((

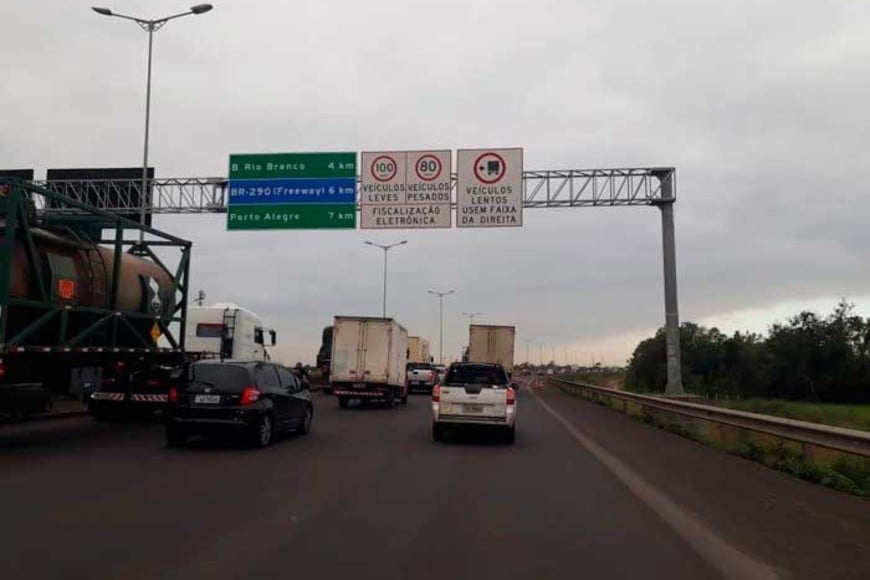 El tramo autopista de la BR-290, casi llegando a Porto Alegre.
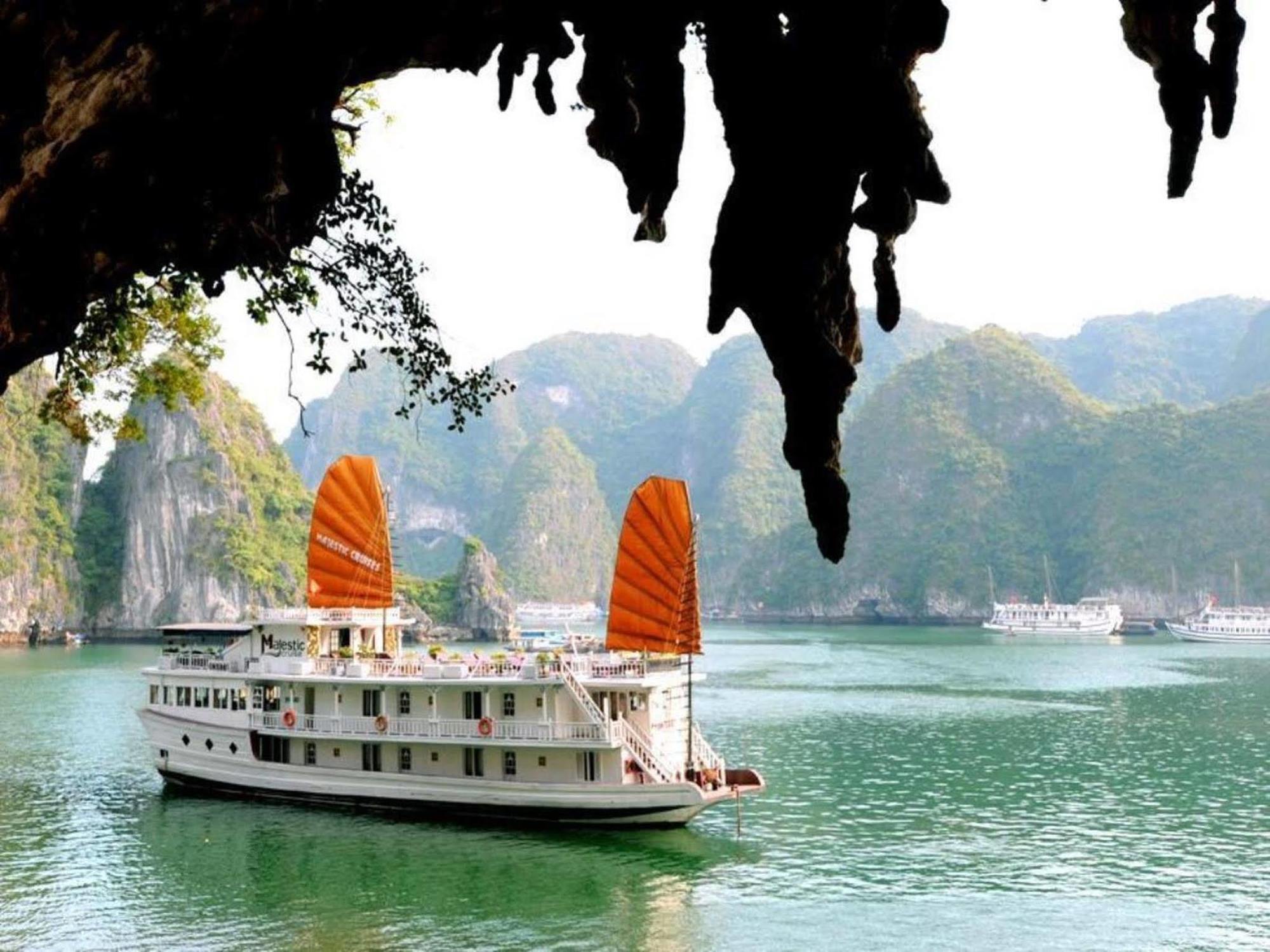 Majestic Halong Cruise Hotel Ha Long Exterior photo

))
((

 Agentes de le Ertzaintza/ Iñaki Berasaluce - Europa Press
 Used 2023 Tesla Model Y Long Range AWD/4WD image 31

))
((

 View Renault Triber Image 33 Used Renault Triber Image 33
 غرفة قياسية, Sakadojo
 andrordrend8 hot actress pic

))

From the records above, quote only the lines running from the line with "View Renault Triber" to the line with "andrordrend8 hot actress pic", both lines included.

 View Renault Triber Image 33 Used Renault Triber Image 33
 غرفة قياسية, Sakadojo
 andrordrend8 hot actress pic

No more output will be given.